§ WHAT YOU HAVE TO DO:
Look below for the line with "Ruby Earrings Pierced". Retype it and every line after it to the end, exactly, but leave out the pictures.

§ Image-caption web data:

------------------------------

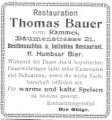 Werbeannonce von Thomas Bauer für sein Restaurant, August 1900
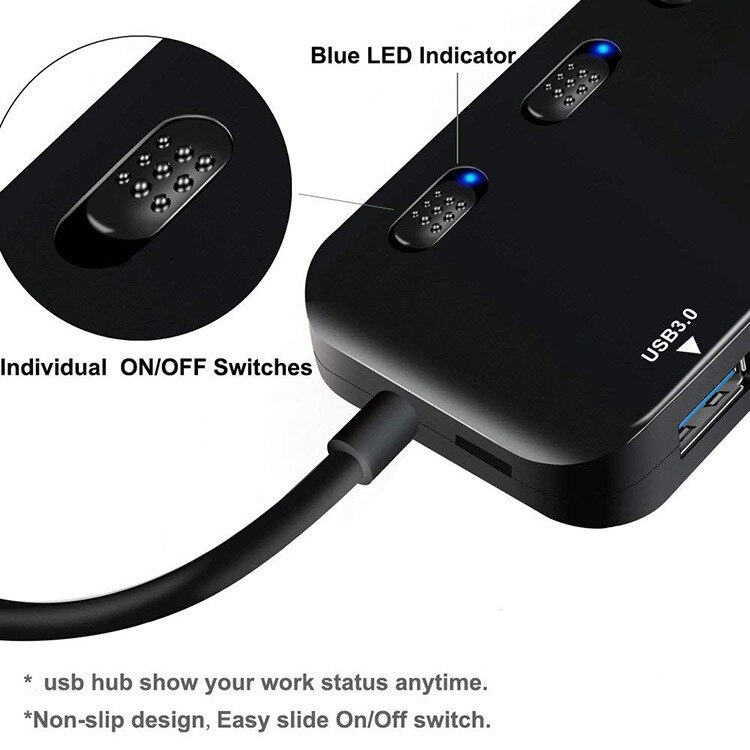 Ultradunne usb 3.0 4-- poorts hub één tot vier usb 3.0 hub 4-- poorts switch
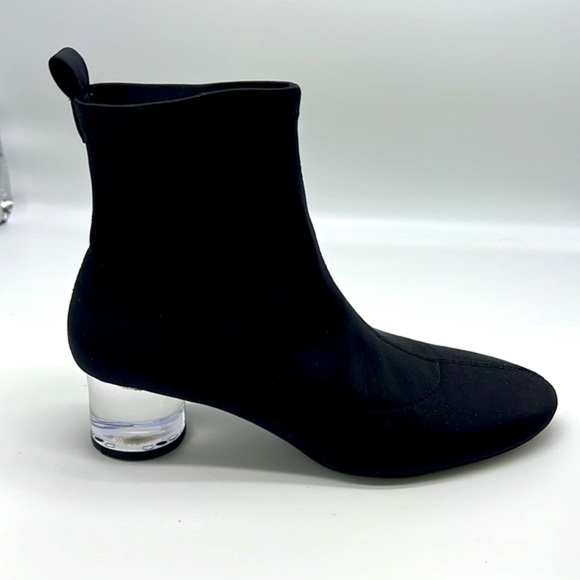 Zara - Black Polyester Sock Ankle Boots With Clear Laminated Heels Size 36 - Picture 12 of 16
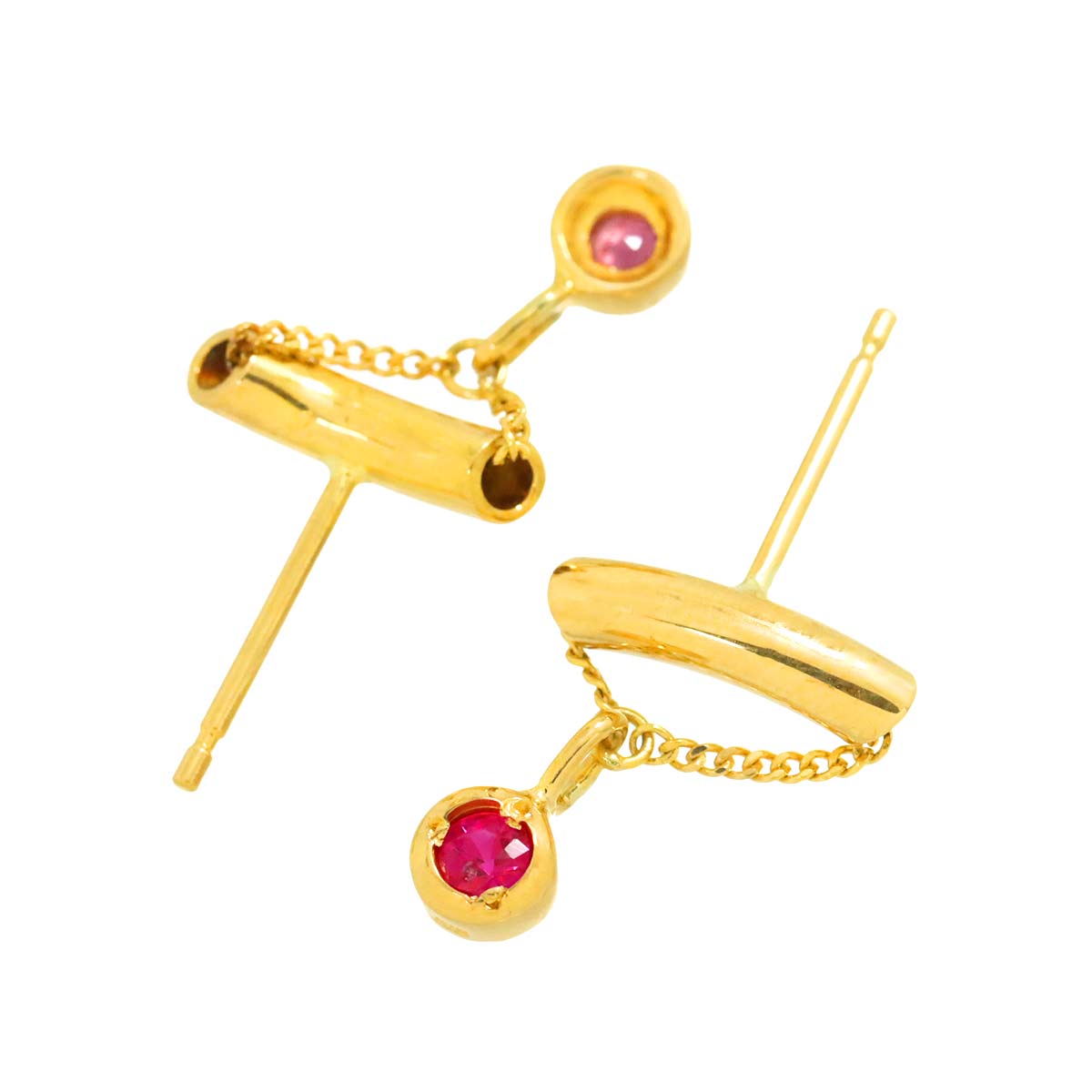 Ruby Earrings Pierced 18K K18 YG Yellow Gold 750
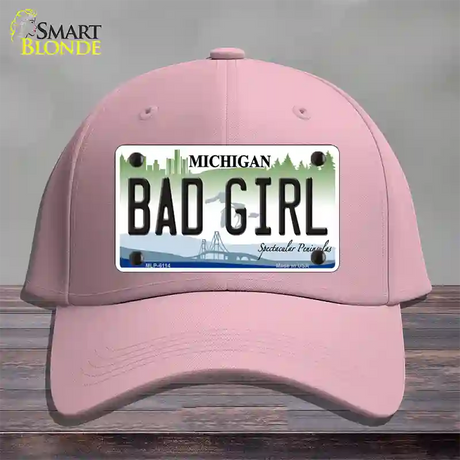 Bad Girl Michigan Novelty License Plate Hat Cotton / Pink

------------------------------

§ RESULT OF THE EXERCISE:
 Ruby Earrings Pierced 18K K18 YG Yellow Gold 750
 Bad Girl Michigan Novelty License Plate Hat Cotton / Pink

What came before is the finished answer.